When we left off on Friday, we watched Eva Coo's goose slowly cook in a cast iron skillet. Between eyewitness accounts, exposing fabricated alibis, how she treated Harry Wright, a stack of evidence, and Martha Clift turning state's witness, a trial was sure to be a slam dunk. This was the first murder trial in Cooperstown for 13 years. Clift was the undisputed starlet of the courtroom, and was instrumental in securing a conviction despite Coo hiring a high powered attorney.
The Trial Begins
The trial of Eva Coo was as dramatic as you'd expect. Crime scene reconstructions have been commonplace since the advent of criminal trials.

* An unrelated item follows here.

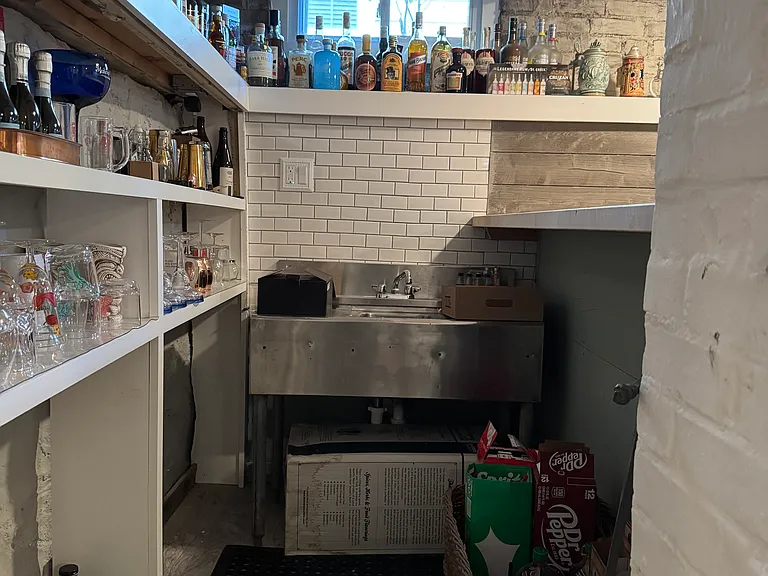 112 Wayland St — Photo 29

What was uncommon about this trial was that Harry Wright was exhumed and re-buried multiple times. Each time his corpse was dressed in second hand clothing, and brought to the scene of the murder on Crumhorn Mountain. There it was posed and moved around based on information investigators had collected.
All of the elements came together, and Eva Coo was roundly convicted of the murder of Harry Wright. Coo was convicted of first degree murder, and at the time the mandatory punishment was the death penalty. Clift was found guilty of second degree murder, and was handed a sentence of twenty years to life in prison. She served her time, was released, and never heard from again, presumably changing her name.

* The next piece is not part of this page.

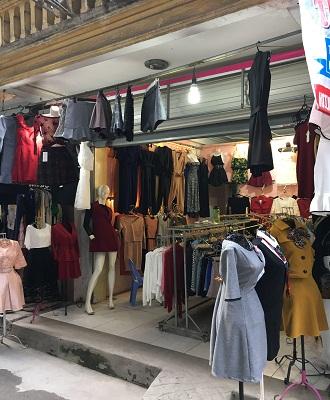 Chính chủ cần sang nhượng cửa hàng quần áo, tại số 10 ngõ 31 Phan Văn Trường- Cầu Giấy- Hà Nội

Imprisonment and Execution
After the trial, Coo was sent to Sing Sing prison in Ossining, New York where she was put into their "Death House". Appeals to her sentence were filed and overturned. Her date with Old Sparky, the prison's electric chair was set for June 27th, 1935 at 11pm. The date was just over a year from when Harry Wright was murdered.
Coo spent her last day having a self pity party, crying and wailing throughout most of it. She composed herself when 11pm rolled around, and it was time to head to Old Sparky. Her guards seated her strapped her in, and proceeded to exit the execution chamber.

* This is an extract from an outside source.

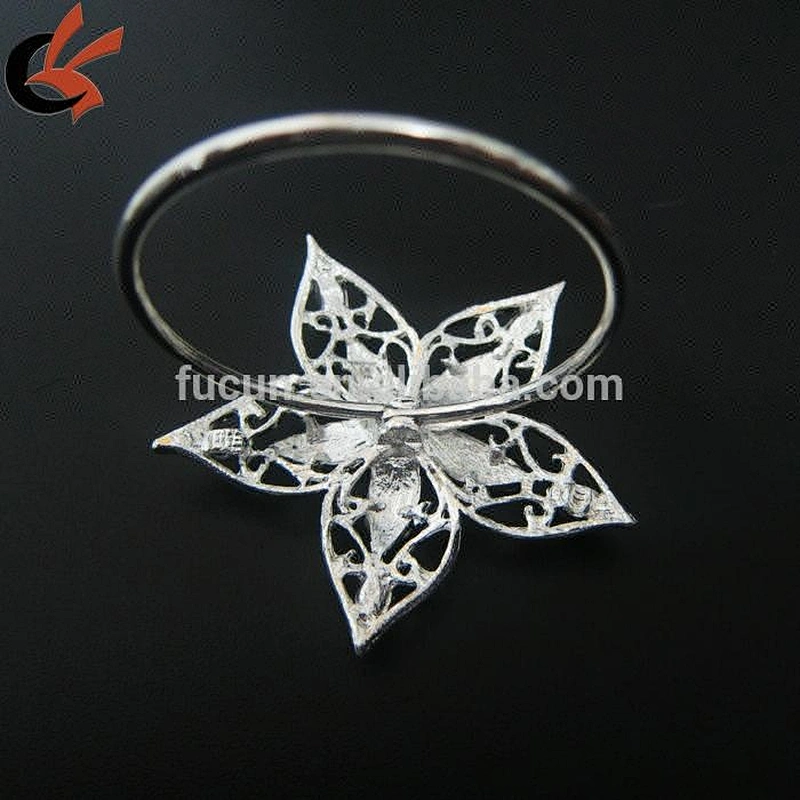 cheap rhinestone flower brooch napkin ring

As they left, she cried out: "Goodbye, darlings!" An electrician checked over everything and waited for the warden's signal. When given, Eva Coo's time on Earth came to an end.
After the execution, the presiding warden, Lewis Lawes was critical of how everything went down. He was quoted as saying: “I don’t know if she was innocent or guilty. But I do know she got a rotten deal all around, rotten. And I’m not defending her – she may be guilty as well, but she got a raw deal. Her trial attorneys – do you know what they did to help her lately? Know what? One of them wrote to me, saying he’d like four invitations to her execution. That’s the kind of defense she had.”
Today, especially locally, the story of Eva Coo is told and told again. There are books, articles, Facebook posts, and even a locally produced film on the topic.
Thank you for following along, darlings! It's been fun putting this on paper for your reading pleasure.